Dear Friends,
Time flies, and now I am here again to share with you my perspective from Bergamo.
We changed time zone, and now we have long and pleasant days, with beautiful daylight till pretty late in the afternoon.
These are the exact days of the year in which we really feel the spring, the miracle of the new life coming after the cold months of winter.
Is the re-birth of life, basically the definition of Hope, and I am living the beginning of this new season with a unpredictible energy.
The emergency is still ongoing, but the mitigation manoevrs and the expantion of resources dedicated to this ilness seem to lead us to an apparent break in the spread of the plague. We are stopping the surge.
I am still working in the ICU, I still assist people that are fighting for their life and I am still talking to their relatives, sometime with tiny flames of hope, some other with more rigid and squared words.
Most of the time with no news at all, I call them only to say that the situation is kept stable.
I am still living by myself in a suspended world, between the bip-bip of the alarms in the ICU and the Cip-Cip of the birds outside of the hospital.
I never paid that much attention to the reborn of nature like in these days. It seems to me a powerful scream that I never really considered.
Maybe because It is the first time I am working in a hospital close to the countryside. Or maybe because it is the first time I am spending so much time by myself out of the working shift.
So COVID 19 slows down, and we are of course very happy about it. We can stop for a recap and consider the issues we are facing, getting ready for the next actions.
We are starting to reopen some activities, with a mix of fear and desire to step forward.
Our operating rooms are starting to get ready to come back to work, the PACU where we were taking care of 10 COVID patients has been reorganized and the patients divided in between the other 5 ICUs of the hospital that are still working with this disease.
We are dismissing patients from ICU only after they are really stable, and we have time to give more accurate and empatic information to relatives, that still are not admitted into the hospital to visit their beloved.
Spring’s wind seems to have brought hope. And I persist in blowing into this wind.
But I don’t want to forget the dark days. I want to keep track of the issues that we experienced while we were underwater, so that tomorrow, when we will be back on the rocks again, we will have at least the right questions to try to answer.
1- Still is flipping me out: ”I have 1 bed and 10 people that need that bed. How should I allocate that resource”.
In a “finite world”, how should I manage “infinite requests”.
I am still wondering how to get into granular answer to this question; which are the variables that I need to consider.
Time of presentation?
Age of the patient?
Is the patient a relative of some friend?
Is the patient a  relative of mine?
Is the patient me?
2- Luigi Pirandello, a famous italian writer of 1800 and 1900, was talking about the “Lantern doctrine”.
He was describing the human being as a pelegrin, a walker. And he was descibing the values, the deep Believes of everyone’s soul as the lantern that help to keep the track at night time.

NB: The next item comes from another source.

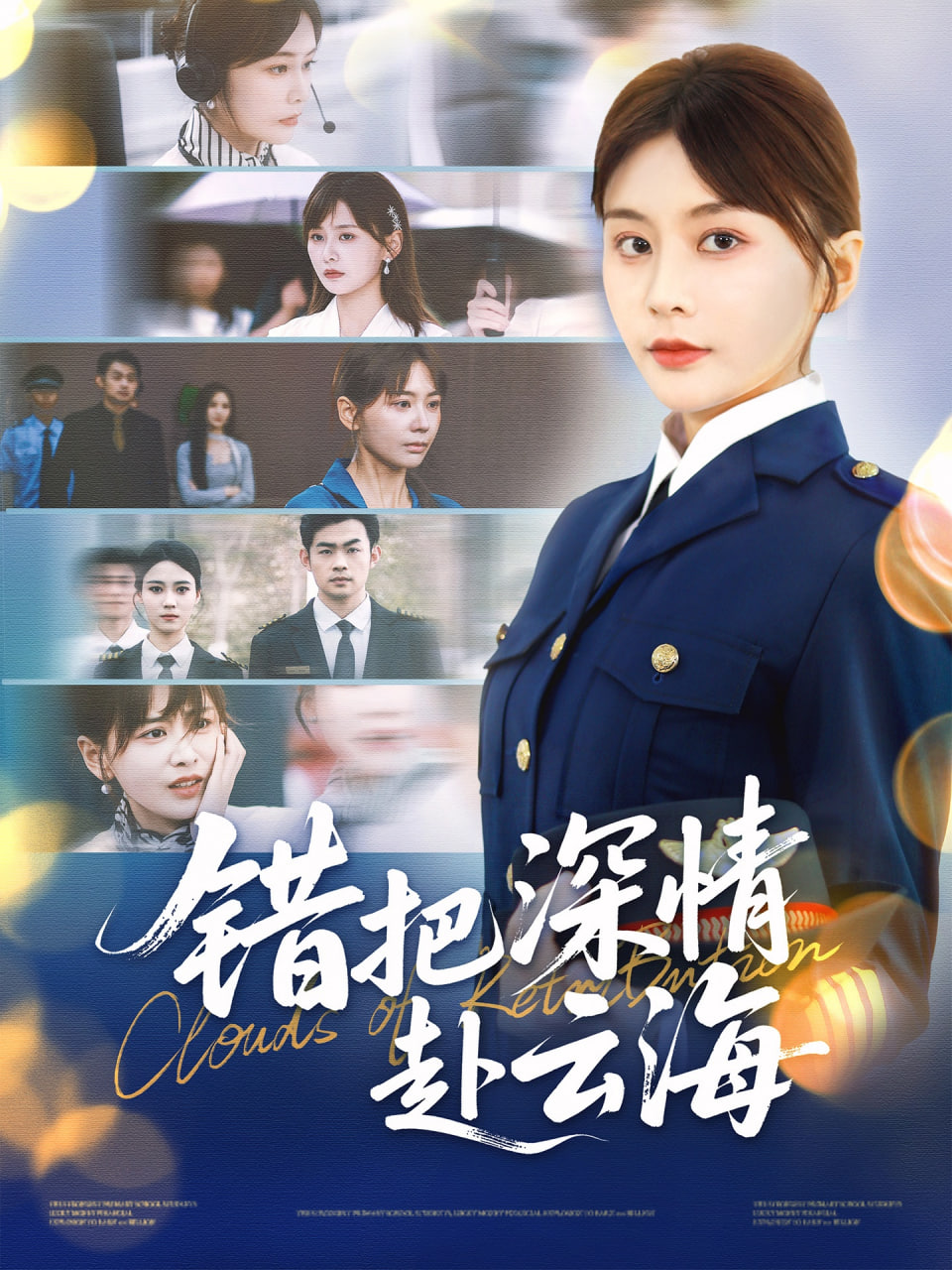 错把深情赴云海封面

We are collectively facing a long night, and I interrogate myself on which are the Lanterns that are leading us. My path, my local community path, and my global community path.
Faith in God? Faith in money? Faith in a political idea? Faith in a soccer team? Faith in compulsive need to accumolate and to consume ( especially pasta and toilet paper!) ?
3- Two years ago I rowed the river Po.
It is the longest river in Italy, and with a crazy friend we started our adventure in Pavia and switching couple of rivers, we arrived until Venice, after 450 km and 7 days.
It has been an open air gym ( after seven days of rowing I had two giants arms!) and especially a social lab, a social experiment.
We were 2 friends on the same tiny canoe, and every move of one involved a direct change on the other.
The best scenario? Collaboration and arriving in Venice onboard of our red small thing.
The Worst scenario? Individualism and sink.
Well, while I am listening to politics and talking with people in these days, I see in the back of my mind, the red canoe slowly pushed forward in the middle of the river Po.  And I ask myself : “ How many people can fit on a canoe? Aren’t we all on the same tiny thing called Earth?”
4- “ Only a crisis, actual or perceived, produces a real change.
When that crisis occurs, the actions that are taken depend on the ideas that are lying around.
That, I believe, is our basic function: to develop alternatives to existing policies, to keep them alive and available until the politically impossible,
 becomes politically inevitatable!’”
                                                                Milton Friedman
Keep it up guys,
I don’t know where this river will bring us,
but I persist to row into it with the smile.